PMGT 672 Applied Leadership Concepts (3 credit hours)

This course is designed to provide project/program management professionals with advanced leadership skills. Areas covered in the course will include leadership challenges unique to international projects, virtual project teams, executive leadership issues, conflict resolution, oral, written, and electronic communications, negotiations, high performance teams, and secession planning. Course content will include case studies, guest speakers, executive interviews, and team case studies. Prerequisites: PMGT-650 and PMGT-671.

Areas of Study

Program Management

PMGT-660 Overview of Technical Program Management (3 credit hours)

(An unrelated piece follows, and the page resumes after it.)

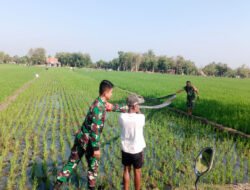 Babinsa Turun Tangan Bantu Pengairan Sawah, Petani Desa Peleman Sumringah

This course introduces the student to the complexities of technical program management, as offered by Project Management Institute’s (PMI) The Standard For Program Management, and other sources. The course provides an overview of the technical expertise, leadership and management skills, and cultural factors that generate success in management of today’s complex technical programs. An overview of the social, economic, political, media, and regulatory issues faced by program managers will be explored to enable an understanding of the complex issues that must be managed. The primary intent of this course is to expose students to the many challenging issues being faced internally and externally so that successful processes can be developed and pitfalls avoided. Key topics covered will include the need for effective processes and management agility, establishing a culture of communication, superior stakeholder engagement, and active executive support in program governance.  Prerequisite: PMGT-650 and PMGT-653.

PMGT-661 The Legal and Contractual Aspects of Program Management (3 credit hours)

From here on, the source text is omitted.